The Weight of Breathing

Damian

T he bells of Hourglass Plaza rolled across Varos like a funeral dirge, each bronze note counting down the hours, minutes, seconds the city owed its creditors—a grim replacement for dawn in this cursed place.

Damian Vale lay still in his narrow bed, listening to the familiar toll that had replaced dawn in this cursed place.

The sound vibrated through the building's bones, through his mattress, into his chest where it settled like lead.

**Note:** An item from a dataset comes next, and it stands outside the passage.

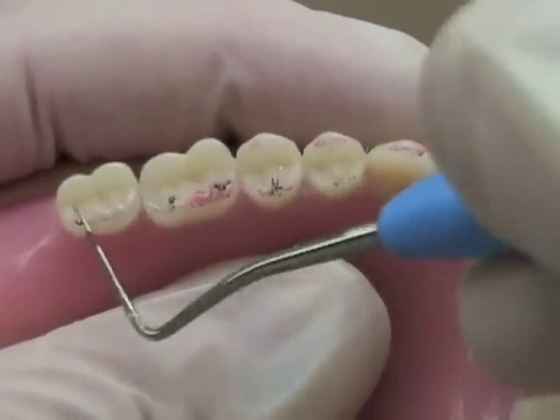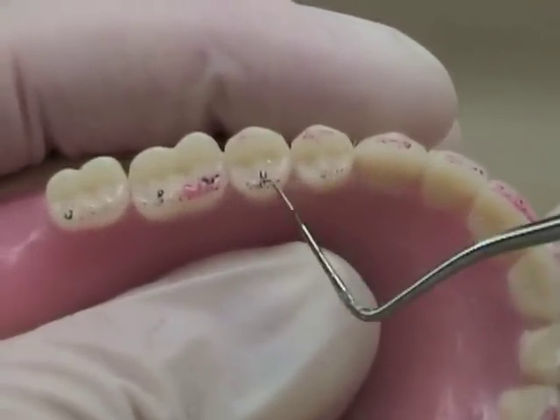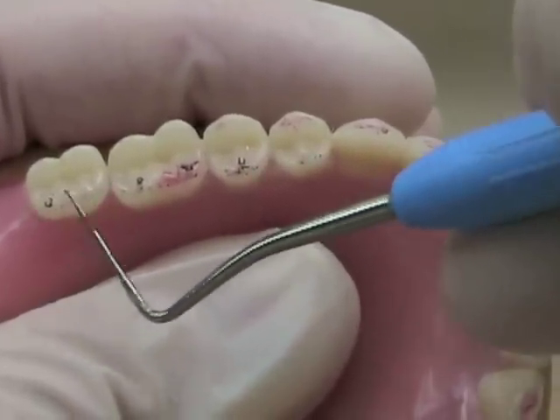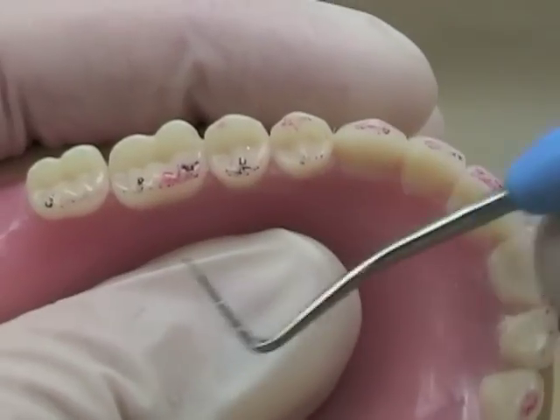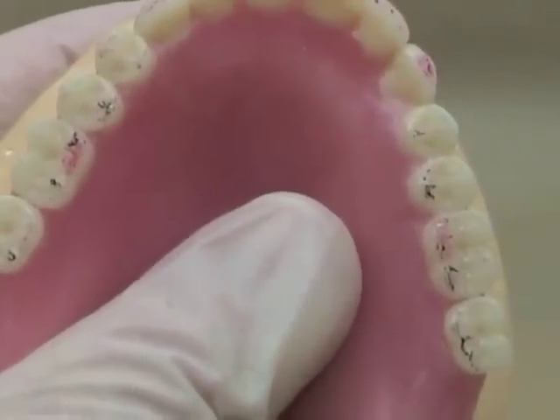First, you'd like to ensure that you have an even number of contacts on the teeth, so that no tooth is missing a contact. Second, how heavy the contacts are should be even for all the teeth on one side of the arch, and should also be even from side to side on the arch.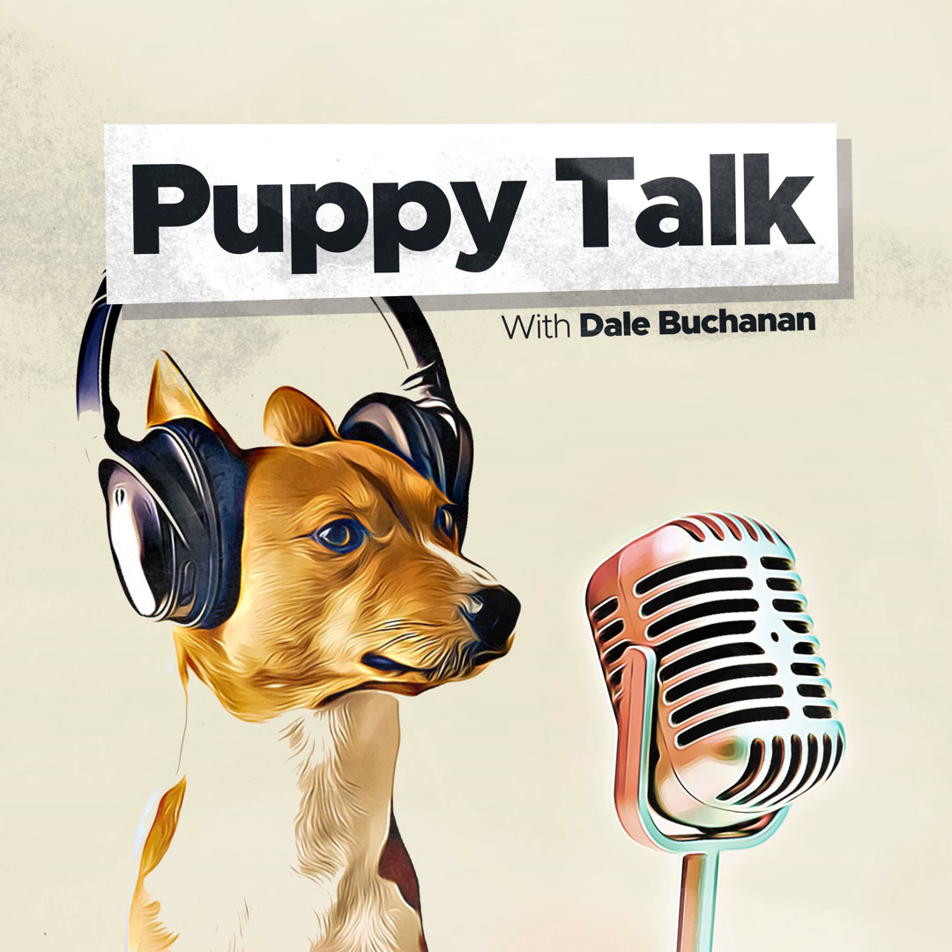This is Dale Buchanan, host of Puppy Talk Podcast. I have an announcement of a new book that I just published called Potty Training Your Puppy. It's available on Amazon in Kindle and paperback, soon to be available on audiobook. It's a comprehensive book with a simple and effective way to help potty train your puppy, and it really works. Check out the link in the show notes.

His body catalogued yesterday's work with brutal honesty. Joints burned from channeling too much pain, fingertips raw from soul-threading. The hollow ache in his chest—familiar now—told him he’d given too much again.

He pressed his palms against his eyes, feeling the faint raised scars that marked where his sight had died with his mother.

The memory threatened to surface, but he shoved it down.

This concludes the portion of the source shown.